Regulating p-orbital of metallic bismuth nanosheets via transition-metal oxides enables advanced CO2 electroreduction

Abstract

The interaction of p-d orbitals can be used to efficiently improve electrocatalytic performance. However, the enhanced mechanism of electrocatalytic CO₂ reduction reaction (eCO₂RR) on main group metals inspired by the p-d orbital interactions is still unclear. Herein, a series of transition-metal oxides (TMOs: Fe₂O₃, Co₃O₄, and NiO) are introduced to metallic bismuth (Bi) nanosheets (NSs), which is proposed as a proof of concept for investigating the effect of introduced TMOs on the eCO₂RR performance for Bi.
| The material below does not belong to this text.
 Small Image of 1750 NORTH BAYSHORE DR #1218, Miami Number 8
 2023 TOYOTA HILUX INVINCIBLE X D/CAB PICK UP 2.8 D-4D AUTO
Based on the results from in-situ Fourier transform infrared (FTIR) spectra and CO₂-temperature programmed deposition (TPD), the TMOs in the Bi/TMOs NSs can enhance the adsorption and/or activation ability of CO₂. Density functional theory (DFT) calculations reveal that the regulated adsorption energy of *OCHO and p-orbital of Bi sites can decrease theoretical overpotentials for both the CO₂-to-*OCHO process and the *OCHO-to-HCOOH process. Moreover, the electron rearrangement that occurred due to the contact between Bi and TMO can also promote electron transport between the catalyst and reactants. Therefore, under the dual positive effect of thermodynamics and kinetics, the Bi sites in Bi/TMO NSs exhibit the maximum catalytic ability, realizing high catalytic activity and selectivity for HCOOH over a wider potential region. In particular, Bi/Fe₂O₃ NSs can present the most significant enhancement effect. It can yield a wide potential region of 500 mV with a high FE_HCOOH (>90%) and achieve a maximum FE_HCOOH of 99.7% (1.11 times that of Bi) at −0.8 V_RHE with the HCOOH partial current density of 12.65 mA cm⁻² (1.86 times that of Bi). This study establishes a relationship between the enhanced performance and the introduced TMOs and provides a practicable and scalable avenue for rationally engineering high-powered electrocatalysts.